A nível nacional, deve haver um forte desincentivo do investimento imobiliário não destinado a habitação. Isto pode ser feito usando o parque habitacional do Estado, mas a melhor alternativa de longo-prazo seria uma forma de Imposto sobre o Valor do Terreno (IVT) que substituísse o IMI e uma série de outros impostos.
Conclusões
Para concluir, sou da opinião que os serviços de baixo valor acrescentado em geral e o turismo em particular, não são um caminho para o desenvolvimento. Se alguém dissesse que devíamos apostar na restauração, alojamento e aviação (TAP) como motores para o desenvolvimento económico ninguém levava a sério, mas é isso que está implícito quando apostamos no Turismo.
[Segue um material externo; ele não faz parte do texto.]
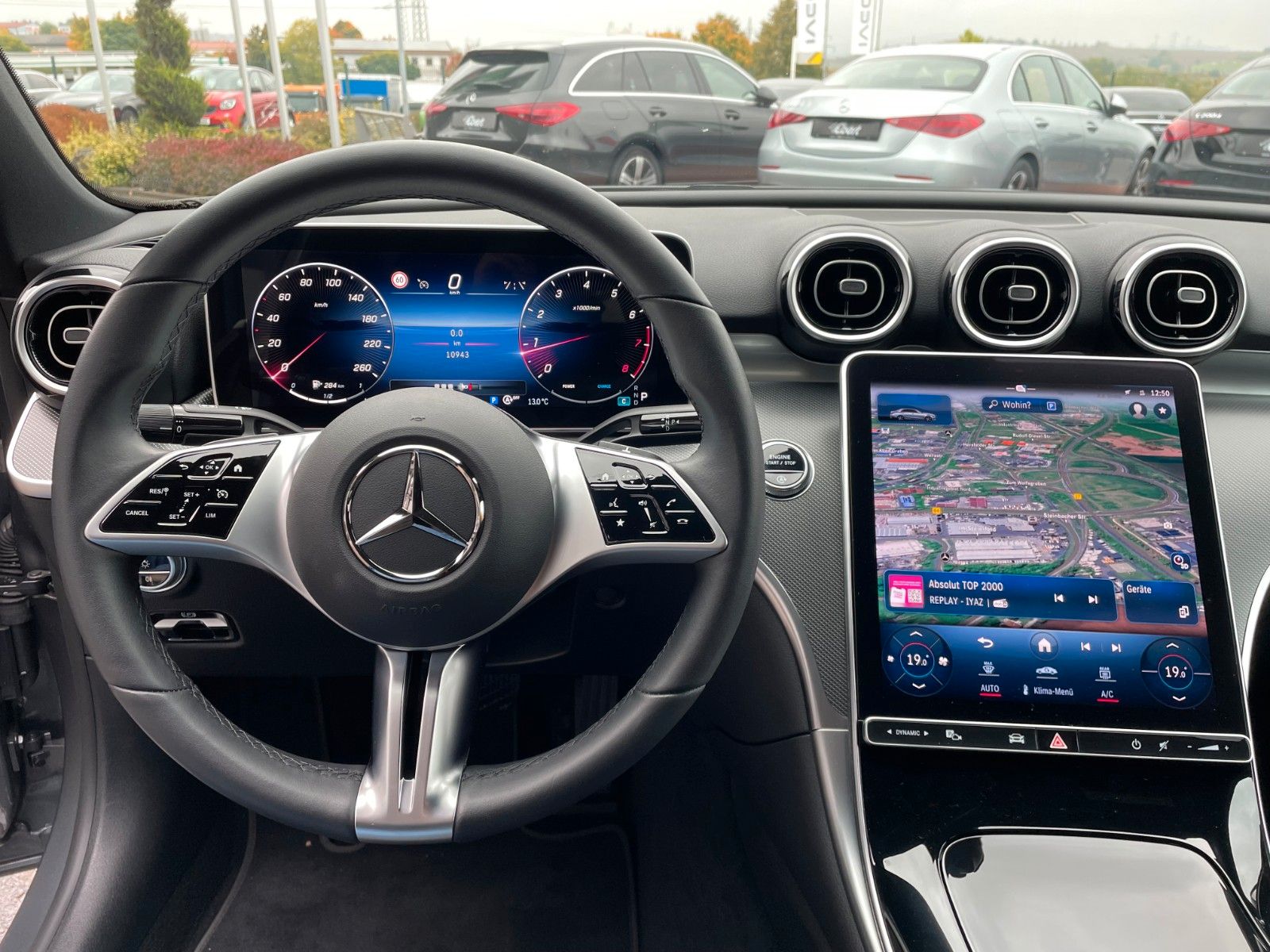 Fahrzeugabbildung Mercedes-Benz C 180 AVANTGARDE R-Kamera+AHK+TOTW+Ambiente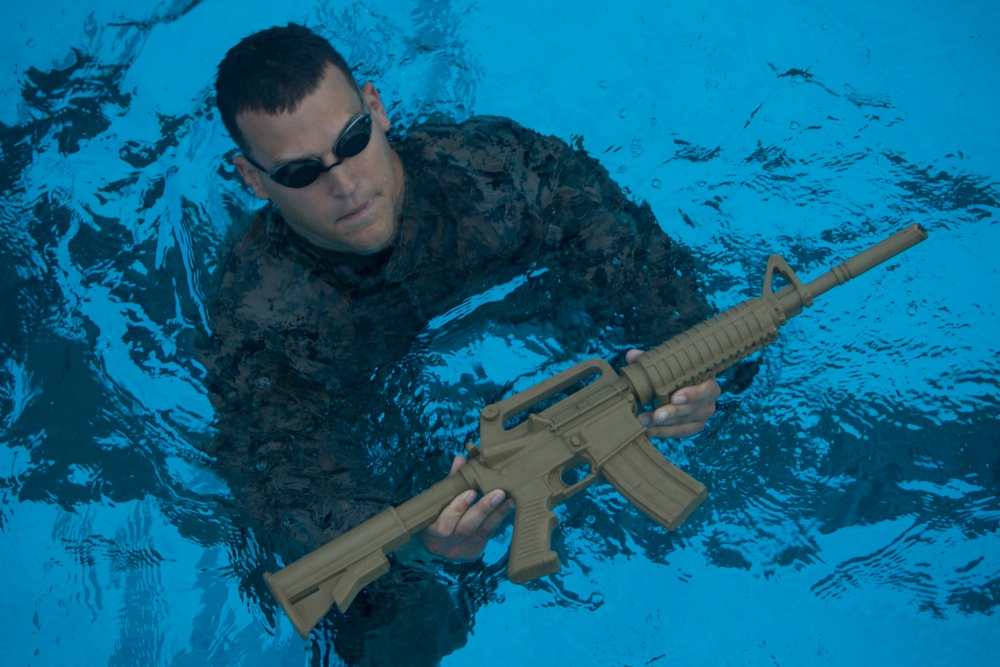 Marines test their limits in Reconnaissance Screener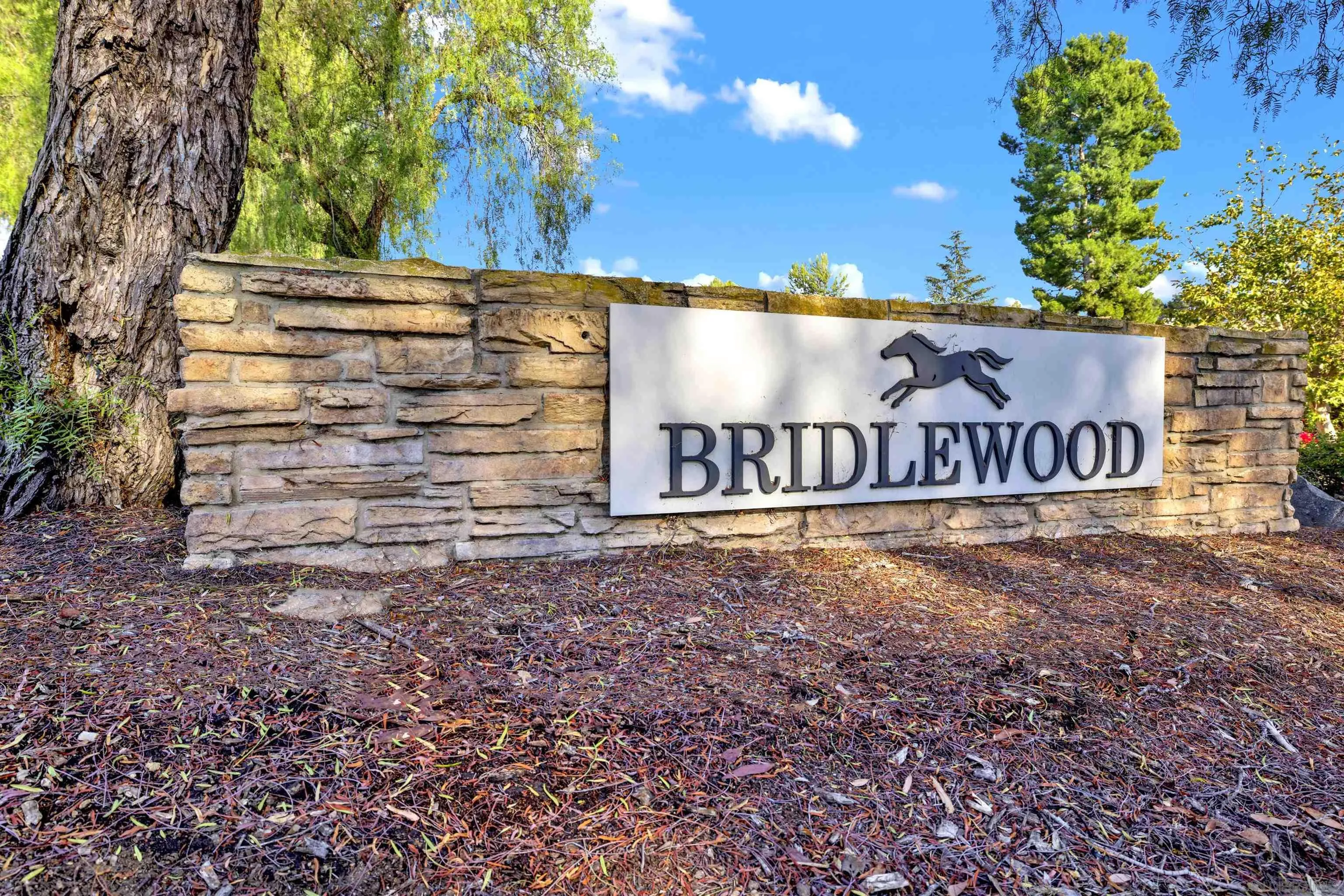 14012 Valley Springs Road Poway, CA 92064 - Photo 56 of 57 a view of outdoor space with sign board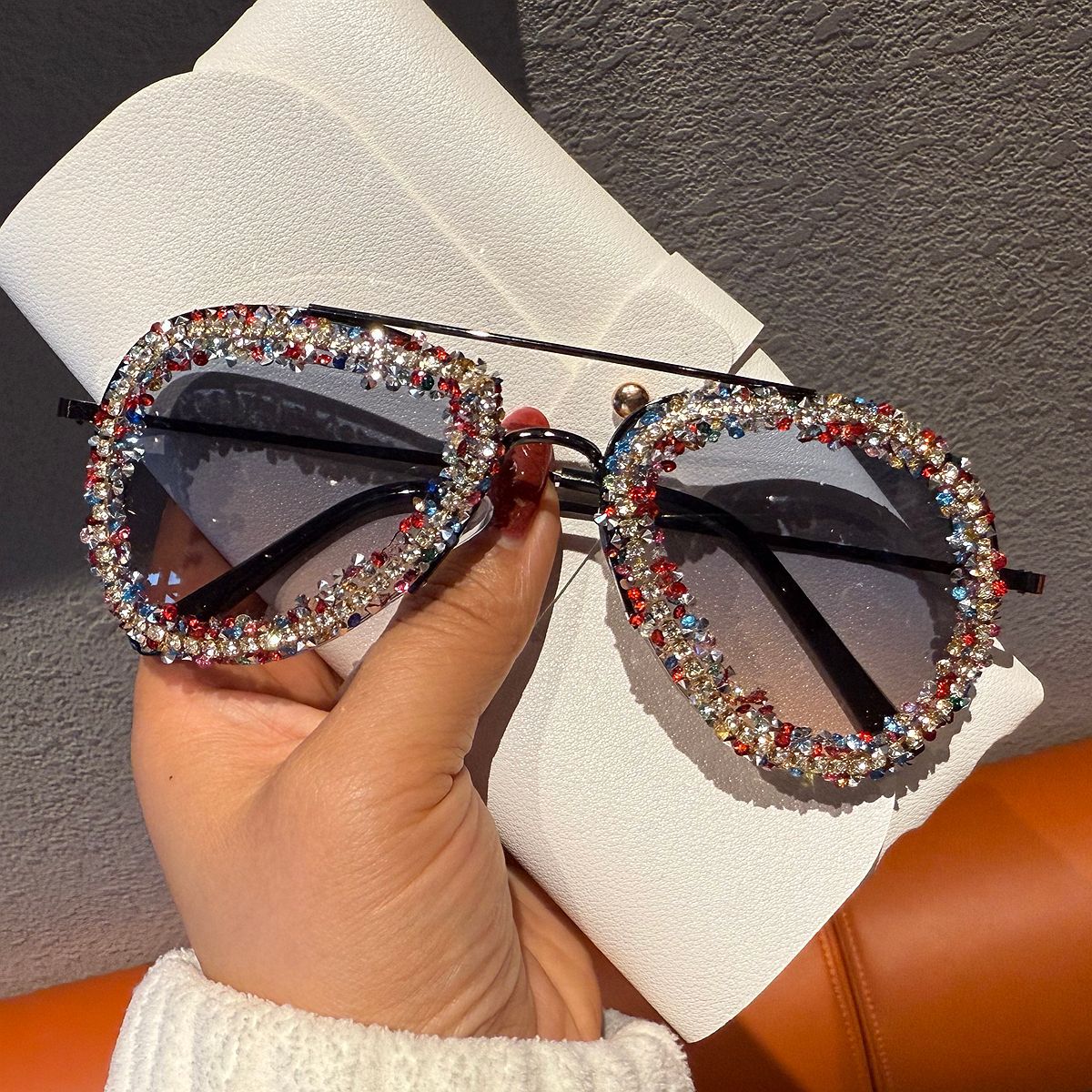 Damen Sonnenbrille mit extravagantem Strassrahmen Karnz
Quer isto dizer que o Turismo foi mau? Claro que não. Foi o Turismo que nos ajudou a ultrapassar a crise de 2011, mas a economia não é linear. Aquilo que funcionou no passado, não tem que ter futuro. Sim, o Turismo trouxe emprego e investimento, mas emprego pouco qualificado e investimento em setores não transácionáveis e pouco potencial produtivo, uma das causas do nosso fraco crescimento no século XXI.
Convém dizer que a culpa de tudo isto não é dos estrangeiros, nem das pessoas que aproveitam a nossa “vantagem” competitiva para fazer dinheiro. A culpa é de um acumular de decisões políticas e económicas que moldam os incentivos para que os agentes se comportem desta forma.
Recomendações
Crise e Castigo e o Dia Seguinte, Fernando Alexandre e Luís Aguiar-Conraria - Este livro expõe de forma muito clara as várias causas para o fraco desenvolvimento português desde a viragem do século. Sem surpresa, a aposta no imobiliário foi uma das razões.
The Spiritual Benefits of Material Progress, The Roots of Progress - A narrativa de que o nosso bem estar espiritual se opõe ao progresso económico é cada vez mais comum. Neste artigo, o autor explica como essa ideia não podia estar mais longe da realidade.